The report posits a handful of causes for the negative trends. Housing affordability naturally leaps to the fore, followed by “time spent in higher education.” (This is dubious, in my opinion. Couldn’t the opposite be true instead? People who don’t look forward to marriage or family creation have no reason not to stretch out education.) It is on firmer ground with deteriorating “mental well-being.” Gen Z has not been termed the “anxious generation” for nothing. Since 2010, smartphones have brought them easy access to porn, gender-fluidity grooming, blurred lines between political “resistance” and terrorism, and a host of other unhealthy influences.

Finally, Sargent promotes a lack of “hopefulness about the future” as a cause for declining commitment and fertility. But fertility in difficult times does not depend on “hopefulness.” It depends on a collective confidence to carry on in spite of apparent hopelessness. It is true that young adults today have all been groomed to believe the planet is on the verge of boiling over, and human beings, that selfish, energy-gobbling species, is the culprit. But my generation (when birth control—less convenient than the pill, but effective—was already available) lived with the black cloud of the Cold War, the atomic bomb, and “mutually assured destruction” over our heads, yet most of us still yearned to meet The One and have a family of ideally three children.

However dire the external picture, hopefulness springs—or fails to spring—from internal assumptions. Our culture promoted the belief that good—democracy—would prevail over the evils of communism. Those raised in a strong, confident culture will meet the challenges of plague, war, climate, and religion-fuelled terrorism with determination to survive. Such confidence is characterized by a general inclination to reproduce.

Today the cultural zeitgeist is dominated by Marxism, whose anti-family agenda has been thoroughly unpacked in these pages so frequently and competently, Epoch Times readers have no need to be schooled in its dogmas by me. We were taught to take pride in our nation and to venerate the best of the cultural traditions that produced it. Our youth have been trained to hate the civilization they are heir to. They are, in a word, demoralized, and who can blame them?

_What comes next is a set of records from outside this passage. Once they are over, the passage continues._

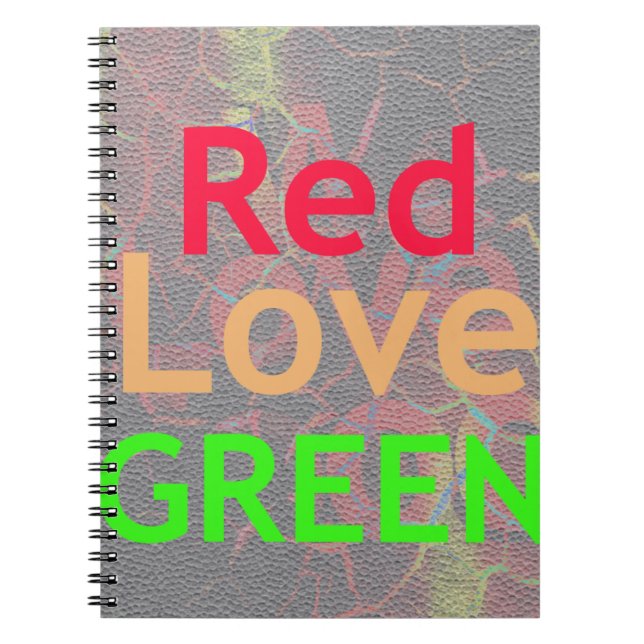 CARNET LOVE RED GOLDEN VERT (Devant)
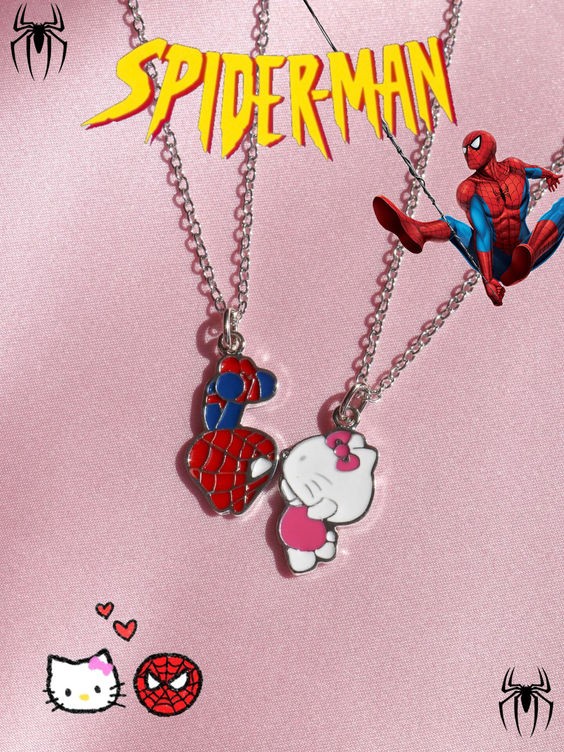 Spiderman Hello Kitty Çift Kolyesi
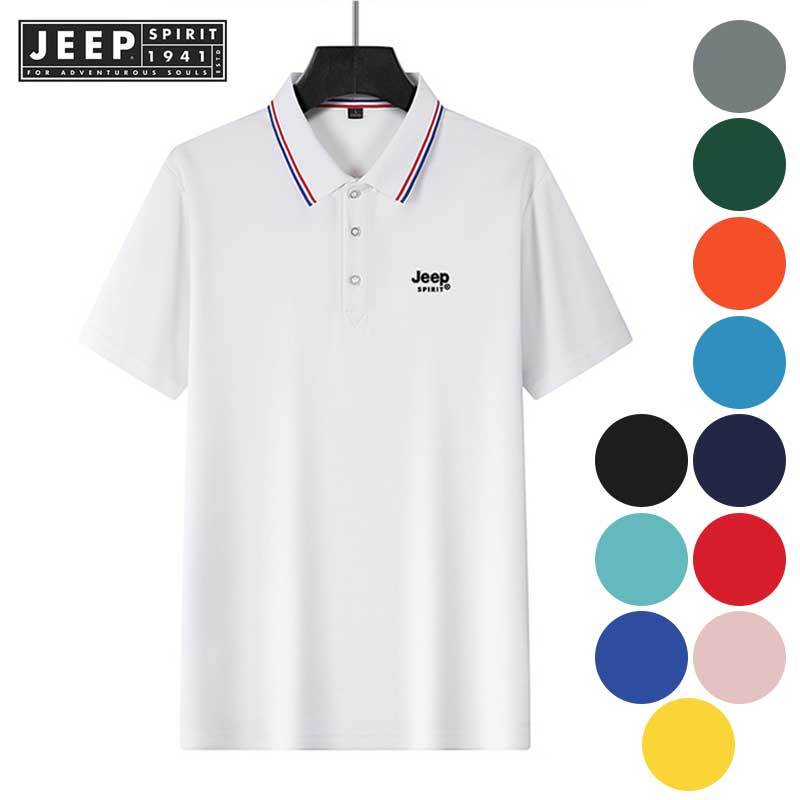 JEEP SPIRIT 1941 ESTD เสื้อโปโลโพลีเอสเตอร์คุณภาพสูง เหมาะสำหรับสวมใส่ในสถานที่ทำงานและออกนอกงาน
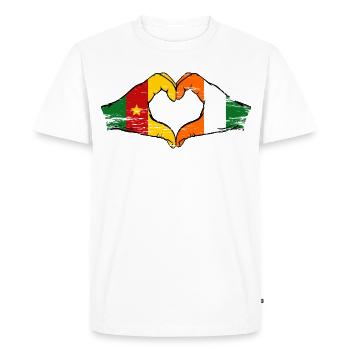 Cœur du drapeau de la Côte d’Ivoire du Cameroun - T-shirt Premium bio Homme - blanc - Devant - Nico (187cm)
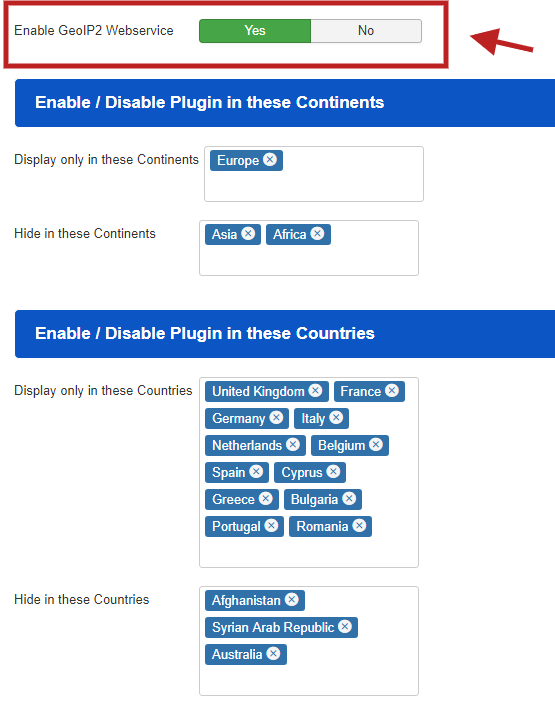 Show/Hide the notification bar only in the selected Continents/countries. (by GeoIP Web service)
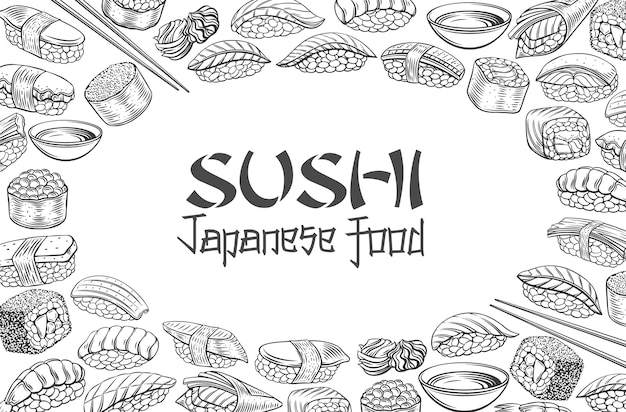 Ilustración de esquema de diseño de menú de comida japonesa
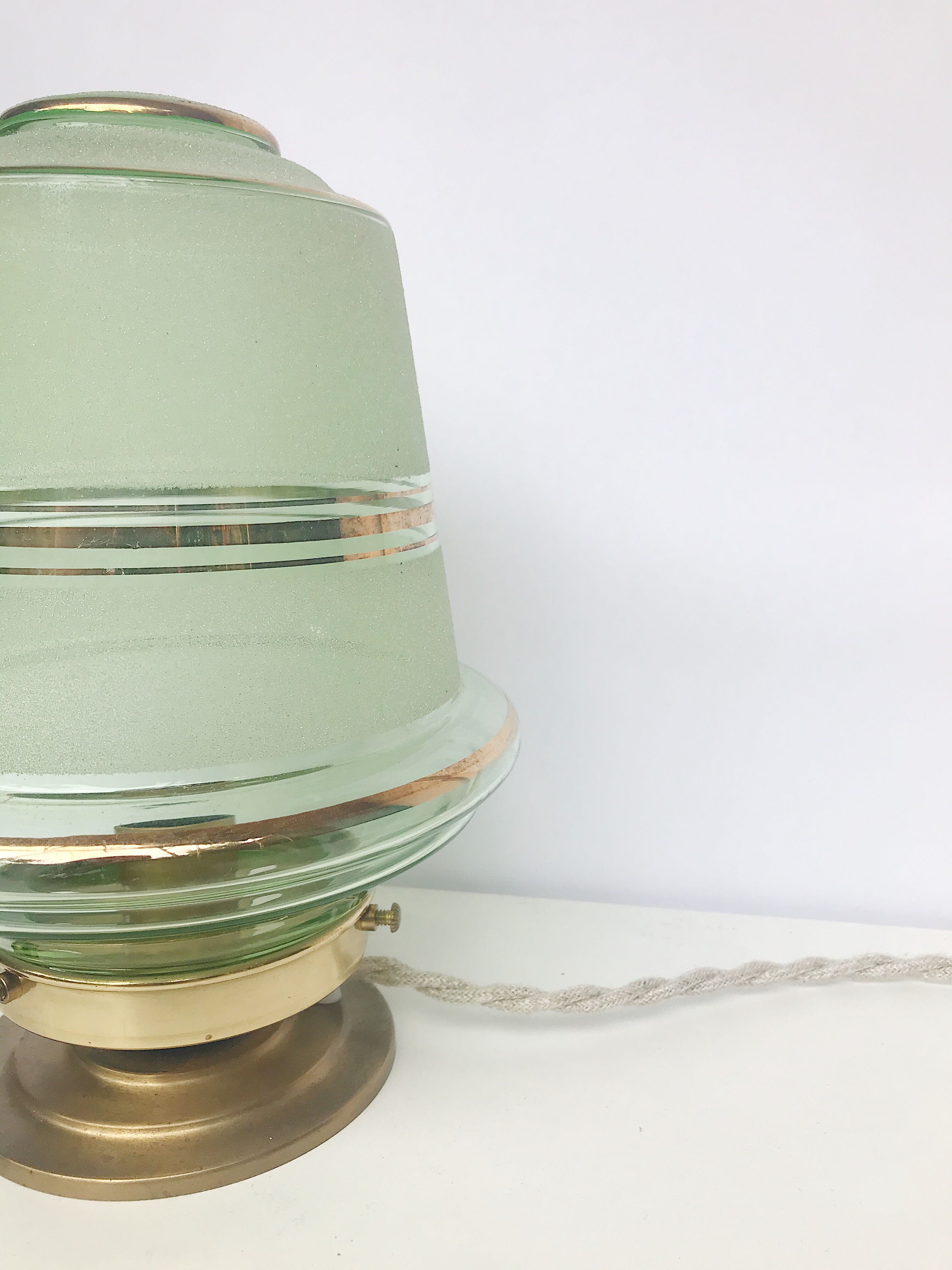 Table lamp glass granite green border gold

Sargent’s report recommends government policies to combat the problem. But first the government must recognize that marriage and childbearing avoidance is indeed a problem. Why would they? Our Marxism-friendly government believes it is the sign of a phobic mind to suggest that traditional marriage is better for children than state guardianship. And if there is a dearth of children, what of it? Immigration will fill the gap.

We should not imagine that rationality or evidence-based arguments or even a future “conservative” government can turn back this culturally suicidal clock. It would take a grassroots counter-revolution to re-moralize our demoralized youth. What are the odds?